Sunday, September 22, 2013
Twice now, I've lost a wool sweater to the washing machine. If you know about cleaning wool, then you know it shrinks INSTANTLY when it gets wet. That "dry clean only" label is a serious warning. The last time this happened to me was more than two years ago and I didn't know what to do. I tried to use the material to make a purse, but it didn't really work and I ended up throwing it away.
This time, the day my favorite pink sweater accidentally got tossed into the machine with a load of colored laundry, I happened to notice how similar in size my newly shrunken shirt looked when compared to one of my 6-month-old daughter's dresses. (All of my good ideas come to me when I'm doing something mundane like folding laundry or brushing my teeth.)
I should have taken a before photo of my tiny sweater just so you could see how small it was. It was probably the size an 8-year-old girl might wear, but with shoulders spaced too far apart. Maybe an 8-year-old girl who likes to wear shoulder pads could have worn it. But not anymore, now it's a dress for a 6-month-old baby girl named Winifred.
What I did was super easy. I'm not the best seamstress, and I did this all by hand (because it was easy, not because I'm oh-so-talented), so I'm sure even if you have the least of sewing capabilities you can do this, too. In case this ever happens to you and you and you want to "save" your sweater, here is the breakdown of what I did:
1. Use existing dress as template (I chose a really simple style from Old Navy).

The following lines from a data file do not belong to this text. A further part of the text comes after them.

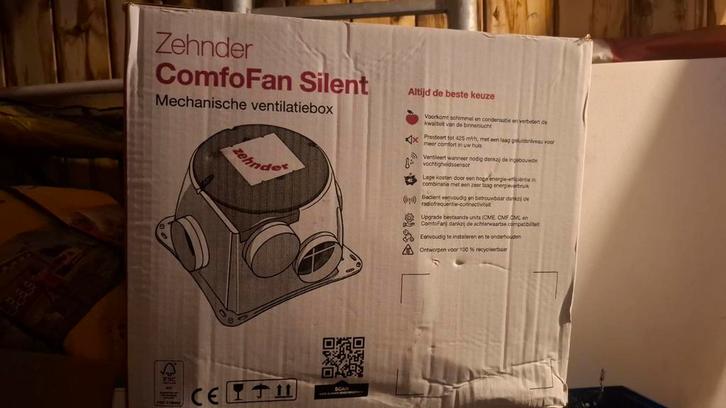 Zehnder ComfoFan Silent - prod datum: 7-3-23 zgan, Doe-het-zelf en Verbouw, Ventilatie en Afzuiging, Zo goed als nieuw, Ventilator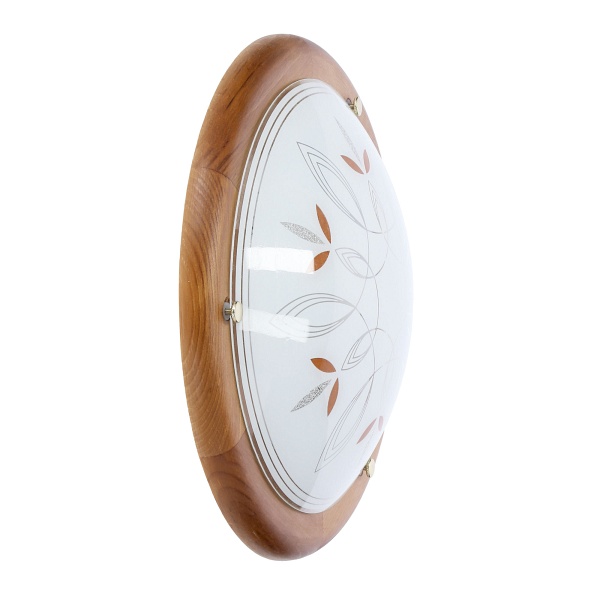 Rustica Lampa Sufitowa Plafon 30 Drewno Standard 1X60 W E27 Dąb Candellux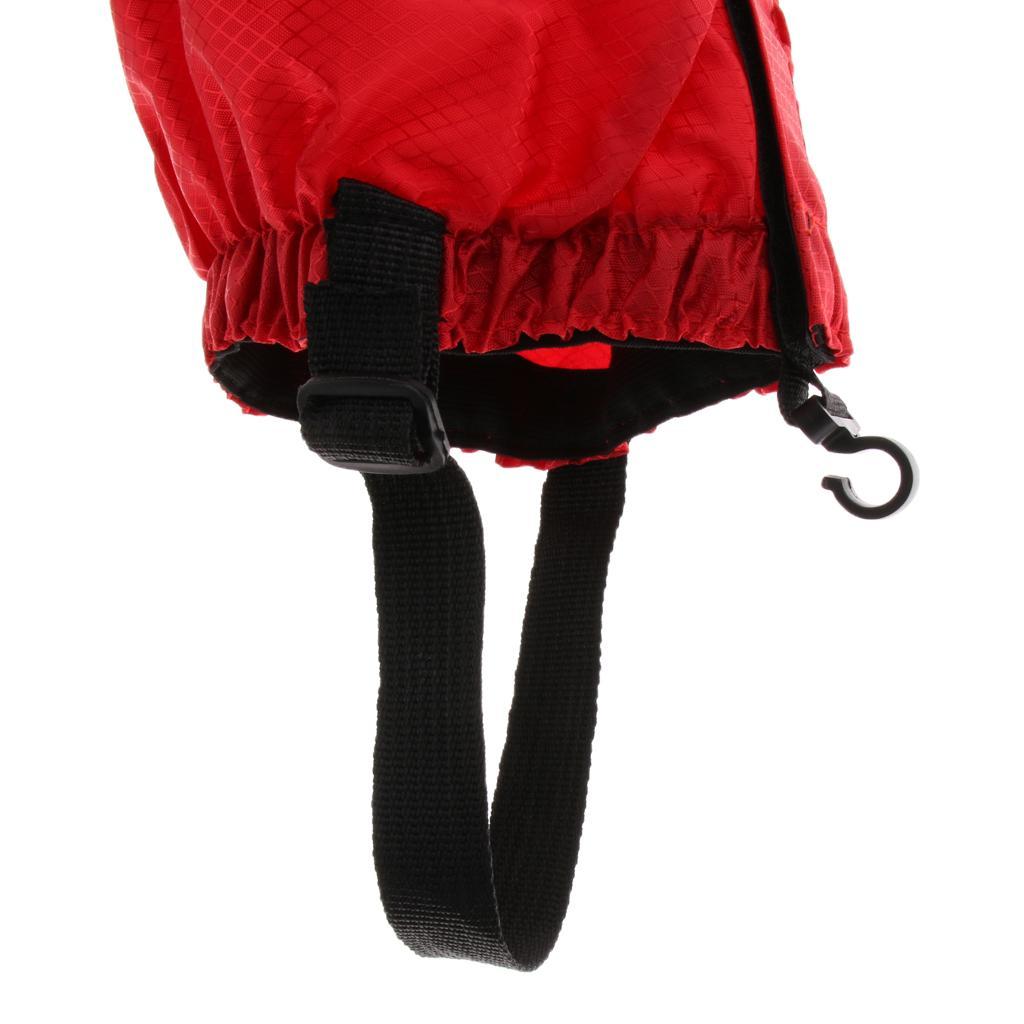 2 Pairs Outdoor Waterproof Walking Gaiters Snow Boots Cover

2. Lay template dress on shrunk sweater and cut off excess material. In my case, I only had to cut off the sleeves, take in the sides of the shirt about 1/2 inch each and I cut the length to my liking.
3. Flip inside out and sew sides of dress together.
4. Use button-hole stitch over arm-holes to prevent material from fraying. Or, if you prefer a more finished look, you could hem the arm-holes or sew ribbon over them.
5. Decorate! I added a pocket with a flower to the front of the dress and embroidered little leaves on the bottom of the skirt.
What to do with the excess material:
1. I used the very bottom of the shirt and made a headband.
2. The sleeves made excellent leg warmers! The cuff of the sleeve is the ankle and the wider part of the sleeve goes around the thigh. I didn't use elastic, but I may add that later.